The petition for review is DENIED.
Notes
Whistleblower protection for employees of publicly traded companies.—No company with a class of securities registered under section 12 of the Securities Exchange Act of 1934 (15 U.S.C. [§] 78l), or that is required to file reports under section 15(d) of the Securities Exchange Act of 1934 (15 U.S.C. [§] 78o(d)) including any subsidiary or affiliate whose financial information is included in the consolidated financial statements of such company, or nationally recognized statistical rating organization (as defined in section 3(a) of the Securities Exchange Act of 1934 (15 U.S.C. [§] 78c), or any officer, employee, contractor, subcontractor, or agent of such company or nationally recognized statistical rating organization, may discharge, demote, suspend, threaten, harass, or in any other manner discriminate against an employee in the terms and conditions of employment because of any lawful act done by the employee—
(1) to provide information, cause information to be provided, or otherwise assist in an investigation regarding any conduct which the employee reasonably believes constitutes a violation of section 1341, 1343, 1344, or 1348, any rule or regulation of the Securities and Exchange Commission, or any provision of Federal law relating to fraud against shareholders, when the information or assistance is provided to or the investigation is conducted by—
(A) a Federal regulatory or law enforcement agency;
(B) any Member of Congress or any committee of Congress; or
(C) a person with supervisory authority over the employee (or such other person working for the employer who has the authority to investigate, discover, or terminate misconduct); or
(2) to file, cause to be filed, testify, participate in, or otherwise assist in a proceeding filed or about to be filed (with any knowledge of the employer) relating to an alleged violation of section 1341, 1343, 1344, or 1348, any rule or regulation of the Securities and Exchange Commission, or any provision of Federal law relating to fraud against shareholders.

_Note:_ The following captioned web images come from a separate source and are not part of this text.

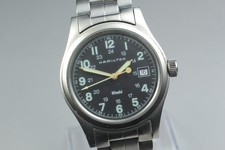 New Batt [Exc+5] Hamilton Khaki Field 38mm 6361 Blue Dial Qz Mens Watch 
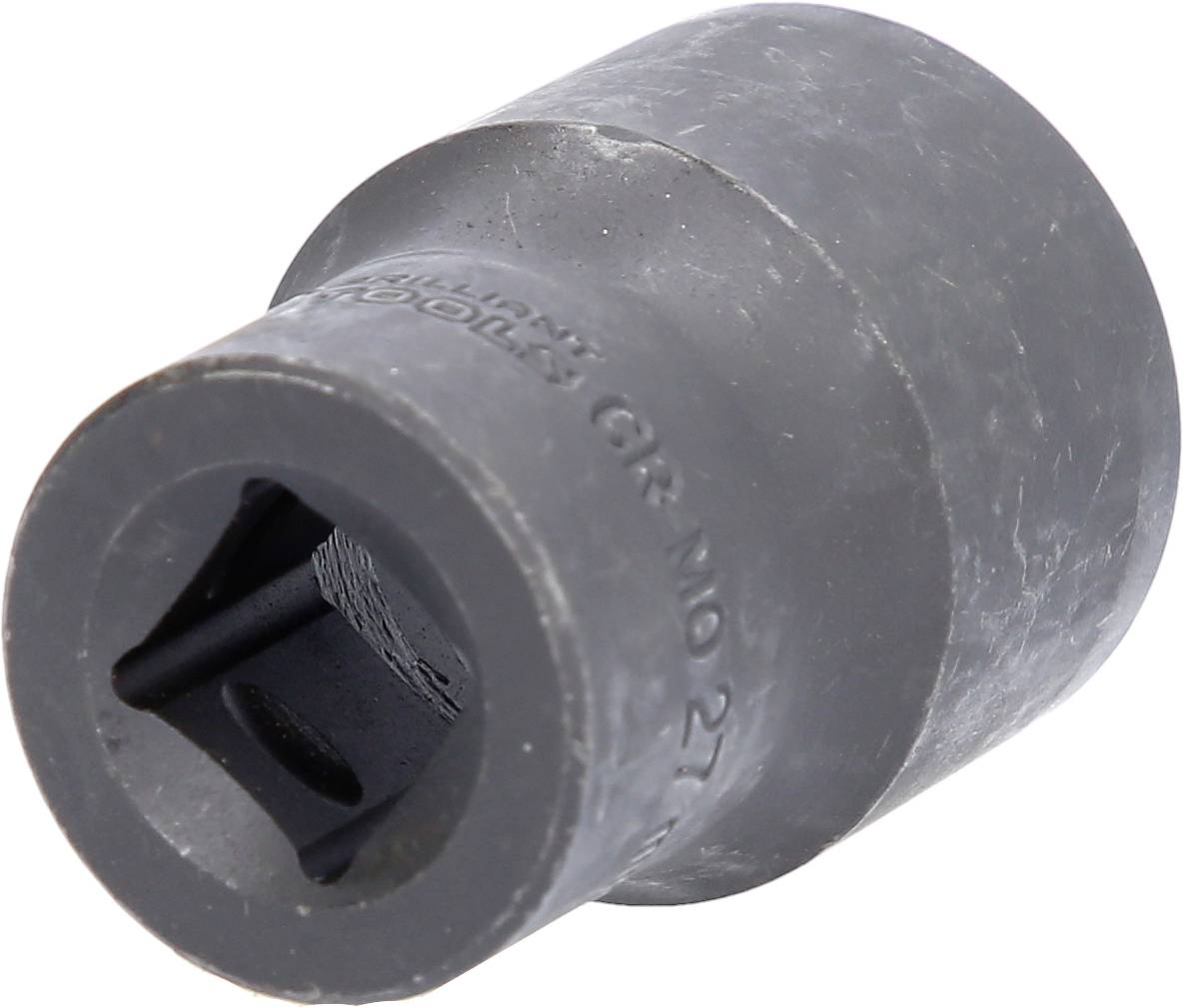 Szara, wytrzymała nakrętka sześciokątna, stosowana w kluczach dynamometrycznych, leży na białej powierzchni.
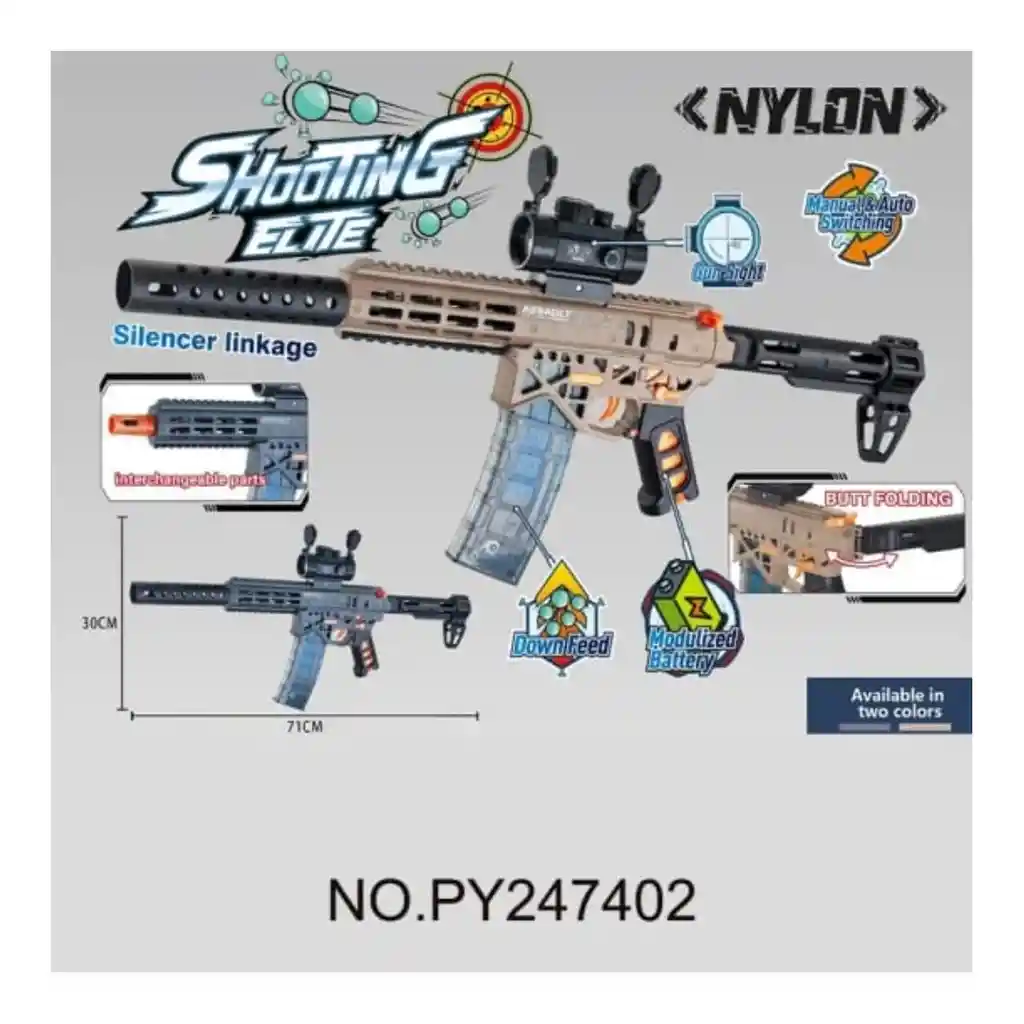 Juguete Lanzador Eléctrico De Hidrogel Shooting Elite 71 Cm Con Accesorios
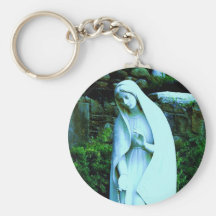 Altered Blue Virgin Mary Key Chain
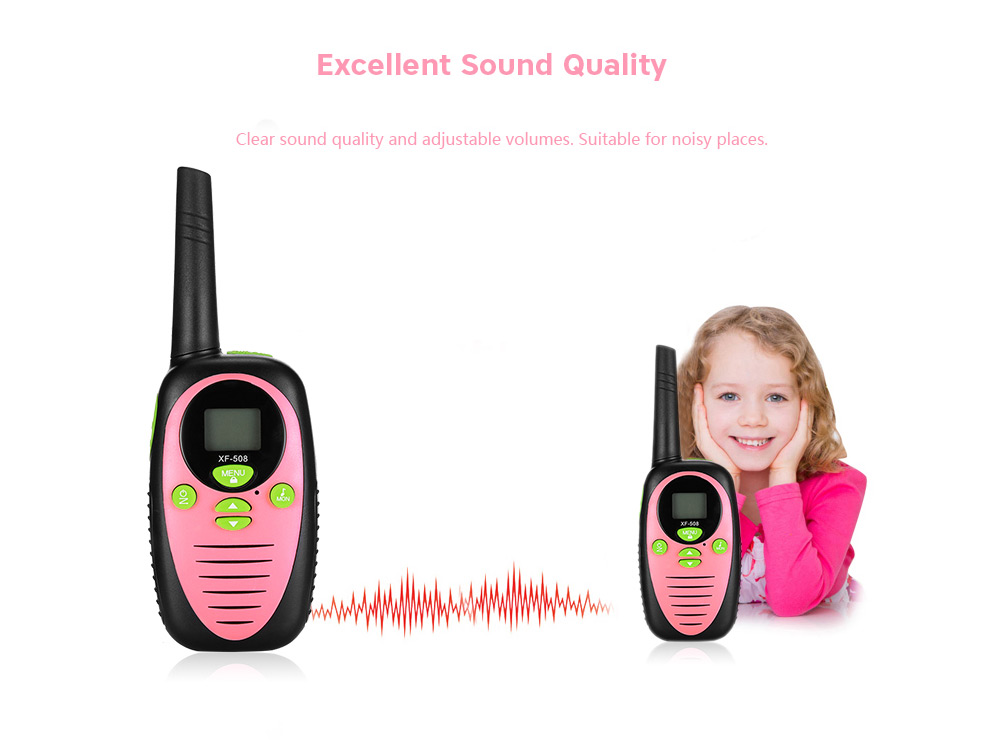 2pcs XF - 508 Children Walkie Talkies 2-way Radio 22 Channels 3KM Range Belt Clip 2pcs XF - 508 Children Walkie Talkies 2-way Radio 22 Channels 3KM Range Belt Clip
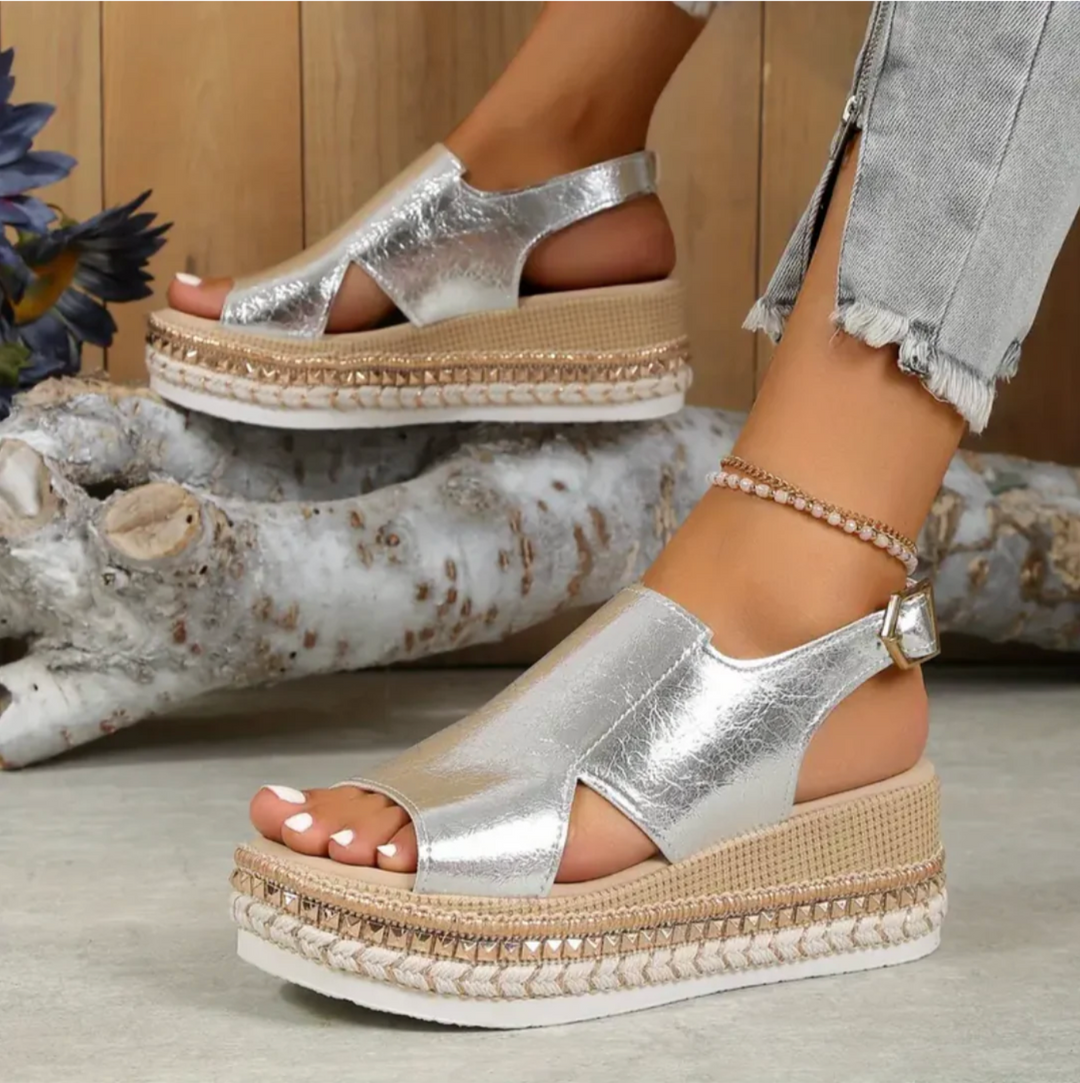 Comfortable women's orthopedic heeled sandals with arch support and adjustable straps for ultimate fit.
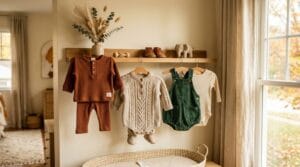 A wooden nursery shelf showcasing a curated collection of textured newborn fall outfits.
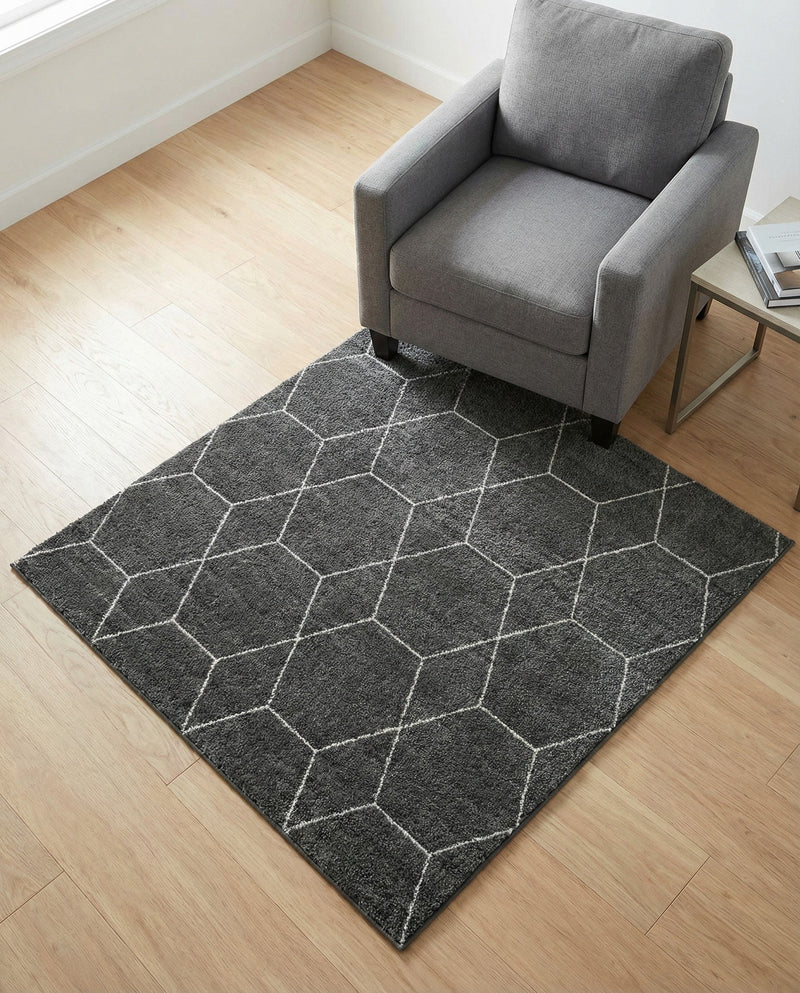 Trellis Mosaic Collection Area Rug - Arborville (Dark Gray) Square Dark Gray  lifestyle 60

(iii) Criteria for determination by Secretary.—The Secretary may determine that a violation of subsection (a) has occurred only if the complainant demonstrates that any behavior described in paragraphs (1) through (4) of subsection (a) was a contributing factor in the unfavorable personnel action alleged in the complaint.
(iv) Prohibition.—Relief may not be ordered under subparagraph (A) if the employer demonstrates by clear and convincing evidence that the employer would have taken the same unfavorable personnel action in the absence of that behavior.
(i) The employee engaged in a protected activity; (ii) The [employer] knew or suspected that the employee engaged in the protected activity; (iii) The employee suffered an adverse action; and (iv) The circumstances were sufficient to raise the inference that the protected activity was a contributing factor in the adverse action.
An officially noticed fact must be one not subject to reasonable dispute in that it is either:
(1) Generally known within the local area,
(2) Capable of accurate and ready determination by resort to sources whose accuracy cannot reasonably be questioned, or
(3) Derived from a not reasonably questioned scientific, medical or other technical process, technique, principle, or explanatory theory within the administrative agency‘s specialized field of knowledge.